The Lord has instructed us to separate from those who are saved but are walking in disobedience (2 Thess. 3:6). Is that shooting the wounded?

It often happens that those who are disobedient mistake biblical correction for persecution and confuse biblical reproof with personal assault.

Paul rebuked sin in the churches in letters that were anything but private. His epistles to the individual churches, as well as those to Timothy and Titus, were distributed among all the churches (Colossians 4:16). Therefore, when Paul told of how that Demas had left him, having loved this present world, it was a public matter. When he rebuked the believers at Corinth for their sin and compromise and error, it was a public matter. When he warned of Alexander the Coppersmith, it was a public warning.

Some matters are private and they should be dealt with privately, but other matters are public and should be dealt with publicly.

If a man has a public ministry that influences others, that ministry should be critiqued publicly, and that is
not “shooting the wounded.”

Evangelist Chuck Cofty was a a highly decorated United States Marine officer who survived shocking battlefield experiences. Since he understood these matters, both from the side of the physical and the spiritual, I asked him to reply to this issue. Following is his reply:

“Dear Brother Cloud: To my knowledge you have not struck anyone violently or injured them by striking. He no doubt is referring to the many truths that appear in your writings as well as the writings of others concerning contemporary theology that you quote. Some, perhaps even this man, are so timid that when truth is revealed they find it difficult to accept and wind up tolerating error or ignorance for fear of offending someone. When men are named, places identified and error revealed, it is upsetting to those that are ‘moderate’ in their position. Brother Cloud, it is true that marines never leave their dead on the field of battle and will on occasion render aid to a wounded enemy. This however is situational and conditional as we will not allow such aid to encumber us, slow us down, deter us from our mission or jeopardize our success. Our desire to serve our dear Lord must be the same.”

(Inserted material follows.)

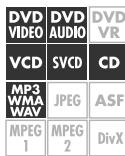JVC TH-D60 - 2 - 3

Pastor Wilbert Unger of Bethel Baptist Church, London, Ontario, observes:

“Was our Lord shooting the first century churches in Revelation 2 and 3 when He walked in their midst and exposed their sins and failures, and commanded them to repent? The kindest and most biblical thing a faithful servant of God can do is expose unscriptural conduct to lead to repentance, lest God step in and judge severely and chasten in a most severe manner. I think the worst chastening that we Independent Baptists could receive from the hand of God is if He would just leave us alone and let us go on in our compromise. We are so bent on exalting man and lightly esteeming the Word of God.  One day, we will be like Samson when it is said, ‘he wist not that the Lord had departed from him’ (Judges 16:20). May God be gracious and wake us up to listen to the rebuke of those who see the error in our faith and practice. No man is above rebuke. May we come to see the love and grace in those who would be so kind as to rebuke us.”